Transportation networks such as railways and airways network are very popular among public-transit systems. There are several general differences in the railways and airways network. For example, in the airways network, each airport is fairly independent. Whereas, In the railways network many smaller stations are present in between two main stations. Although being the two most popular mode for commuting, owing to this kind of differences in the structure of airways and railways networks, it becomes even more interesting to compare these two type of networks.

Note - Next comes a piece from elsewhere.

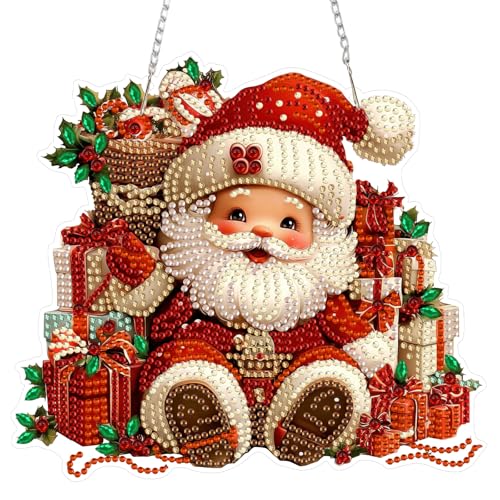 Christmas Diamond Art Hanging Kits for Adult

Over recent years, complex network analysis has been used to analyze many transport networks such as Airport Network of China, World-wide airport networks, US airport network etc [1, 2, 4, 5, 7, 8]. There are some common features which has been observed in almost all transport networks. For example, almost all the transportation networks studied till now exhibit the small world properties [2, 4,5,6, 8]. Whereas some features show significant variations among different transportation networks. For example degree distribution of Indian railways network and Chinese railways network shows exponential behaviour [1, 4]; degree distribution of Indian airport network and US airport network shows power law behaviour [2, 5]. In terms of combining different types of transport network, there have been studies utilising the multi-modal nature of combined network for several purposes (e.g. [18, 19]). In the present work, we compare two modes of transport network instead of combining and analysing them as one.

Indian railways network is one of the cheapest, largest as well as busiest rail networks. Every section of the country whether student, employees, household people or businessman etc. all use the railway service for different purposes. Railways is considered as the lifeline of India as it offers 24 * 7 services and countrywide connectivity. Railways Network of India is commonly depicted as the pillar of India’s economy as it is the most durable, robust, efficient, economical and popular mode of long distance transportation. Indian civil aviation sector has also been expanding rapidly in recent times. Due to the recent active involvement of several low-cost private carriers, it is expanding at a faster pace and more people are choosing to travel by airways instead of railways.

Characteristics of railways as well as airways network have been studied individually but to the best of our knowledge, this is the first study which attempts to compare the two popular modes of transport (Airways and Railways) in Indian context. Due to a huge difference in the order, i.e., number of nodes in both type networks it becomes very difficult to effectively compare these two networks in Indian context. For example, an airport is not only used by the people of that particular city but also by the people of neighbouring cities. On the other hand, in the case of railway stations, almost every city has its own station. Here, we have done a thorough analysis of the two transport modes of India. To tackle the challenges in the comparison, we have proposed creation of a new type of network by merging the data of these two networks, which allows us to easily compare these networks.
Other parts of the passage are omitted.